Thursday Apr 17, 2008

KiWi: Knowledge in a Wiki

KiWi logo

Last month I attended the European Union KiWi project startup meeting in Salzburg, to which Sun Microsystems Prague is contributing some key use cases.

KiWi is a project to build an Open Source Semantic Wiki. It is based on the IkeWiki [don't follow this link if you have Safari 3.1] Java wiki, which uses the Jena Semantic Web frameworks, the Dojo toolkit for the Web 2.0 functionality, and any one of the Databases Jena can connect to, such as PostgreSQL. KiWi is in many ways similar to Freebase in its hefty use of JavaScript, and its emphasis on structured data. But instead of being a closed source platform, KiWi is open source, and builds upon the Semantic Web standards. In my opinion it currently overuses JavaScript features, to the extent that all clicks lead to dynamic page rewrites that do not change the URL of the browser page. This I feel unRESTful, and the permalink link in the socialise toolbar to the right does not completely remove my qualms. Hopefully this can be fixed in this project. It would be great also if KIWI could participate fully in the Linked Data movement.

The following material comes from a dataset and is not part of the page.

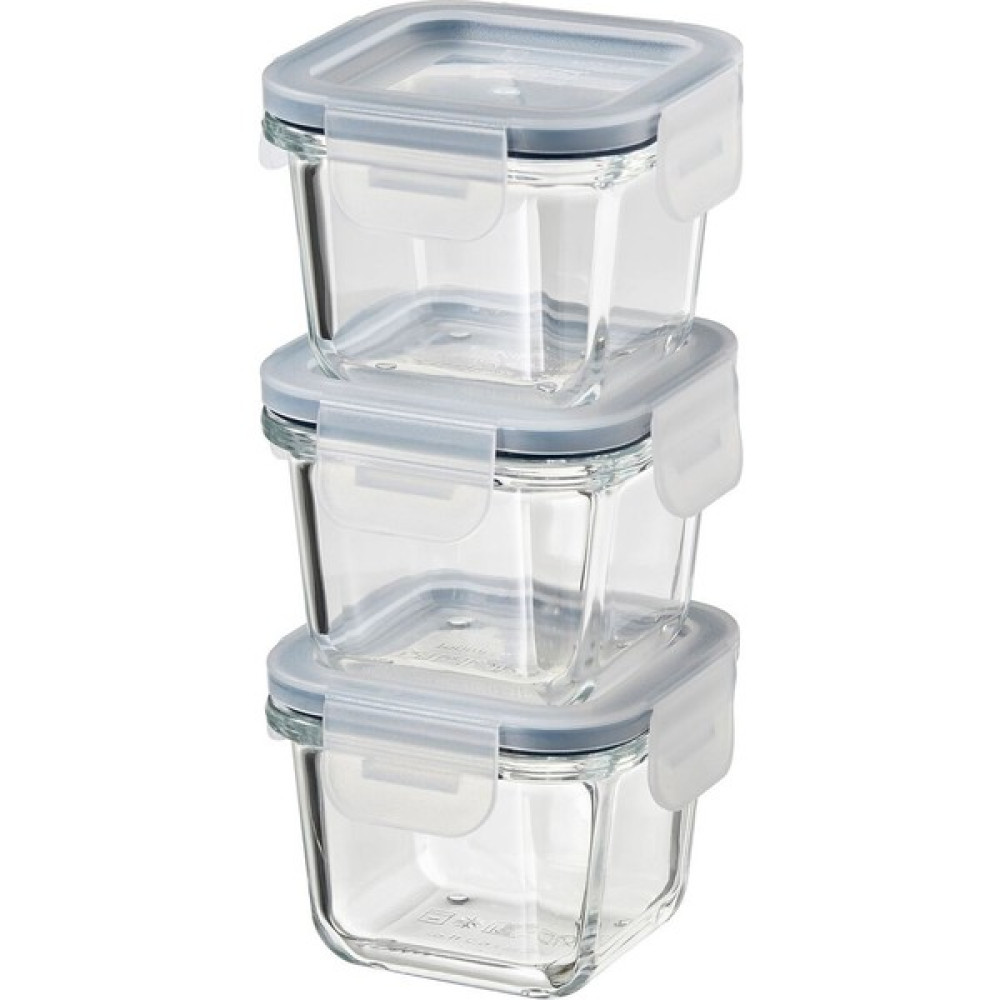 Cam Saklama Kabı Seti, Cam, 180 Ml, 3'lü Set, Kare Yemek Takımı Fiyatı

The meeting was very well organized by Sebastian Schaffert and his team. It was 4 long days of meetings that made sure that everyone was on the same page, understood the rules of the EU game, and most of all got to know each other. (see kiwiknows tagged pictures on flickr ). Many thanks also to Peter Reiser for moving and shaking the various Sun decision makers to sign the appropriate papers, and dedicate the resources for us to be part of this project.

You can follow the evolution of the project on the Planet Kiwi page.

Anyway, here is a video that shows the resourceful kiwi mascot in action:

Friday Mar 09, 2007

Metaweb: a semantic wiki startup

O'Reilly groks the Semantic Web in the latest article "Freebase will prove addictive". From his article:

But hopefully, this narrative will give you a sense of what Metaweb is reaching for: a wikipedia like system for building the semantic web. But unlike the W3C approach to the semantic web, which starts with controlled ontologies, Metaweb adopts a folksonomy approach, in which people can add new categories (much like tags), in a messy sprawl of potentially overlapping assertions.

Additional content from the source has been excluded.